Torna la vecchia Sicilia dei processi Notarbartolo e Andreotti. Qual è stato l'evento che ha convinto i giudici del coraggioso ravvedimento di un senatore della Repubblica?
Come fa a sapere il tribunale che Dell’Utri ha divorziato dalla mafia nel 1992?
01-07-2010
di
Pietro Ancona
È vero che il processo riguarda soltanto il suo oggetto e cioè la persona o le persone che vengono chiamate a rispondere alla giustizia di loro atti. Ma se il processo riguarda una persona pubblica, un senatore della Repubblica, il fondatore di una formazione politica che da quasi venti anni è al potere in Italia, uno tra i massimi collaboratori del Presidente del Consiglio l’oggetto del processo ci riguarda ed interviene nella nostra vita nazionale.
La storia d’Italia è costellata da processi e sentenze che hanno influito sulla vita pubblica. Ricordo per tutti il processo Notarbartolo e quello ai dirigenti dei Fasci Siciliani. Aveva ragione il procuratore Gatto a sottolineare la valenza storica della sentenza. Ma la Corte di Appello di Palermo gli ha dato una risposta negativa che indebolisce il prosieguo della lotta alla mafia perché non contribuisce a fare chiarezza su quanto è accaduto in Italia dopo la stagione stragista. La limitazione allo spartiacque del 1992 del comparaggio di Dell’Utri con la mafia escluderebbe che la fondazione di Forza Italia sia avvenuta con il concorso di questa.
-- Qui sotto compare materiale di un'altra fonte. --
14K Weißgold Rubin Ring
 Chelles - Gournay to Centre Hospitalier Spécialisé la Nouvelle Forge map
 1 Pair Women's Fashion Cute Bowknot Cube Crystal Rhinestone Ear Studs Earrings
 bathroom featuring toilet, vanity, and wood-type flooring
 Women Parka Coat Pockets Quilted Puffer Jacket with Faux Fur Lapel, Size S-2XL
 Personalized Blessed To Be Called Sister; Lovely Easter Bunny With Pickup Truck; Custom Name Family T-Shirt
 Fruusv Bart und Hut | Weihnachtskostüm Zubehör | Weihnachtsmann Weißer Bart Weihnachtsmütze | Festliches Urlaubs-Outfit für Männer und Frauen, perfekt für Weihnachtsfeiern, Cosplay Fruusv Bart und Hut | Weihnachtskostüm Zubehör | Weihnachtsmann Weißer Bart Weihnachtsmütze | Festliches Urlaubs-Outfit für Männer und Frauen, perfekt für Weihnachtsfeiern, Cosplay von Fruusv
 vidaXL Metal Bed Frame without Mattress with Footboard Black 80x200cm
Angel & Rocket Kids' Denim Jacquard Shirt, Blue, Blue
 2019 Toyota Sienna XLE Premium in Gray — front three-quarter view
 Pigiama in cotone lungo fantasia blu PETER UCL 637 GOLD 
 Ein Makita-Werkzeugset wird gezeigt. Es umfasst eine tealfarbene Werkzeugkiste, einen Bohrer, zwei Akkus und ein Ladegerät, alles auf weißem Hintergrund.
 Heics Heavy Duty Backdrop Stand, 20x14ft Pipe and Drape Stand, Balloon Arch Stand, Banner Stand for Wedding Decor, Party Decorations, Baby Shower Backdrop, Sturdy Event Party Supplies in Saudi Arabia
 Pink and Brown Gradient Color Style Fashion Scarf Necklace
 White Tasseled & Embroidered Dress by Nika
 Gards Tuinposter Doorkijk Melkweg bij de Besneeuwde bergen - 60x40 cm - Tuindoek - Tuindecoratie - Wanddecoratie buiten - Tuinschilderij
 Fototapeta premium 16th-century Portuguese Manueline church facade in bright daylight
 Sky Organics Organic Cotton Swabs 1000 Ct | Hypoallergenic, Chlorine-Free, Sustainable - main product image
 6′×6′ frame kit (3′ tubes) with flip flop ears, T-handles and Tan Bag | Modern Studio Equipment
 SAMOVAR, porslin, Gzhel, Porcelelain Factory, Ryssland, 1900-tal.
Ma come si fa a stabilire se una persona cessa di essere nell’orbita della mafia a una precisa data? È la stessa domanda che ci eravamo posti per la sentenza Andreotti. Non viene spiegato come il soggetto cessa di essere invischiato con la criminalità. Che cosa è successo? Quale è stato l’evento che ha convinto i giudici della fuoriuscita di Dell’Utri dalla orbita mafiosa? Quali atti, quali documenti, testimoniano di questa svolta nella sua vita?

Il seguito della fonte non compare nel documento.